He was standing on a bed of coral on which lay dark shapes in hundreds, like a cart load of bricks dumped on the ground.
"By Jove!" he exclaimed to himself. "I've come to the wrong shop. This must be the wooden hulk Swaine spoke about. She must have had lead pigs for ballast. Even that lot's worth a fortune at the present-day price for lead."
Hardly knowing why he did so, Villiers lashed one of the pigs of ballast to his shot-rope, then, paying out his distance-line as he went, he made for his real objective—the wreck of the Fusi Yama.
When that vessel's bilge loomed through the water, Villiers found that he was close to the starboard bow. Much of the steelwork had been stripped of its thick covering of weed and barnacles by the force of the explosion, but of actual damage done to the hull there was none.

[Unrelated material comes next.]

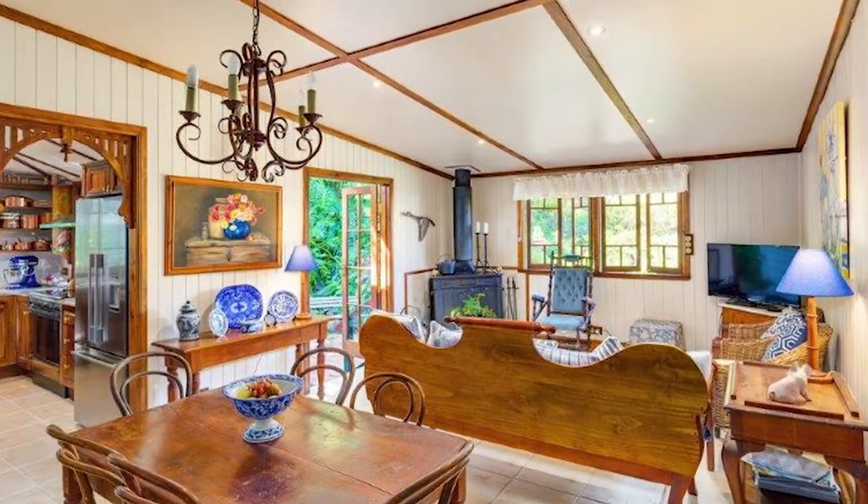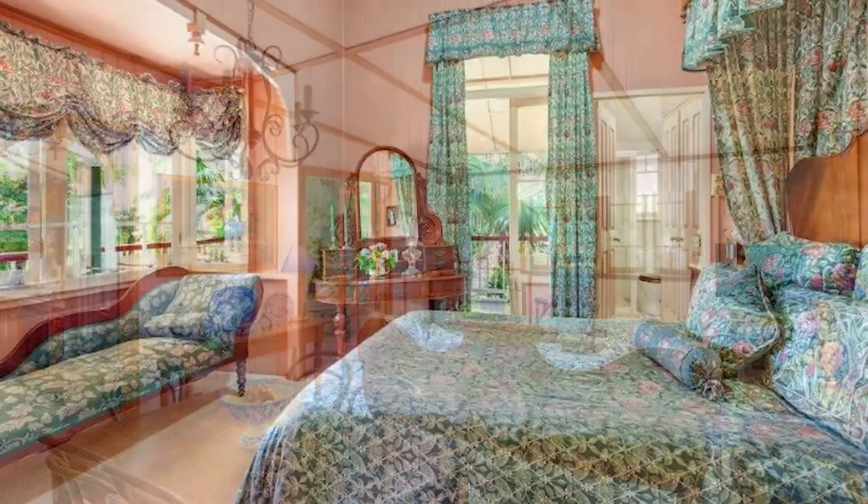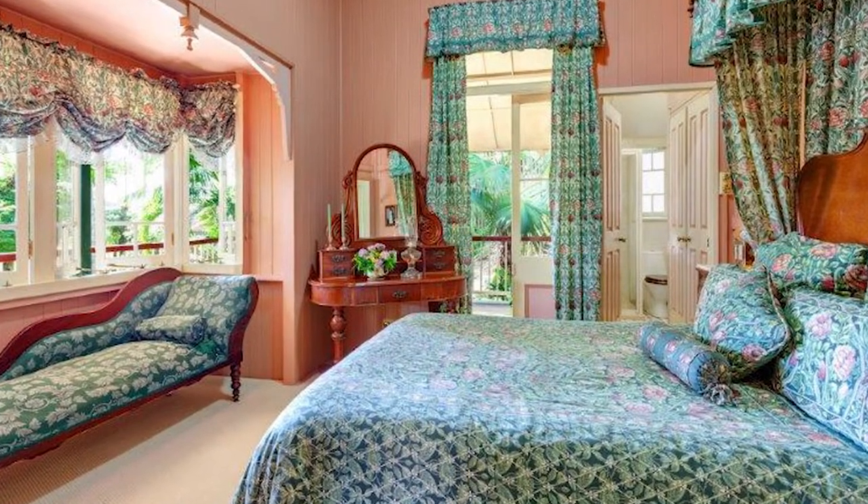The home features exposed red cedar, period features, French doors and casement windows, fretwork archways and VJ walls throughout.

By a rare slice of good luck, as far as Harborough and his companions were concerned, Strauss had miscalculated the distance and direction of the wreck of the Fusi Yama from shore, and had deposited the explosive charges against the side of the old wooden wreck in the belief that it was the other. The remainder of the gold was still intact. Von Giespert had shot his last bolt, and the missile had gone wide of the mark.
CHAPTER XXIX
A Frustrated Escape
Having made this satisfying discovery, Villiers returned to the surface and reported the good news.
There was, however, much work to be done before the rest of the gold could be removed. The wreck of the Fusi Yama had to be buoyed once more, for, amongst other damage, the former mark-buoys had been destroyed by the explosion. Another guide-rope had to be established between the wreck and the shore, while, owing to the loss of the electric submarine lamp and the generating plant, the remainder of the work under water had to be carried out by the relatively feeble light afforded by the divers' electric lamps.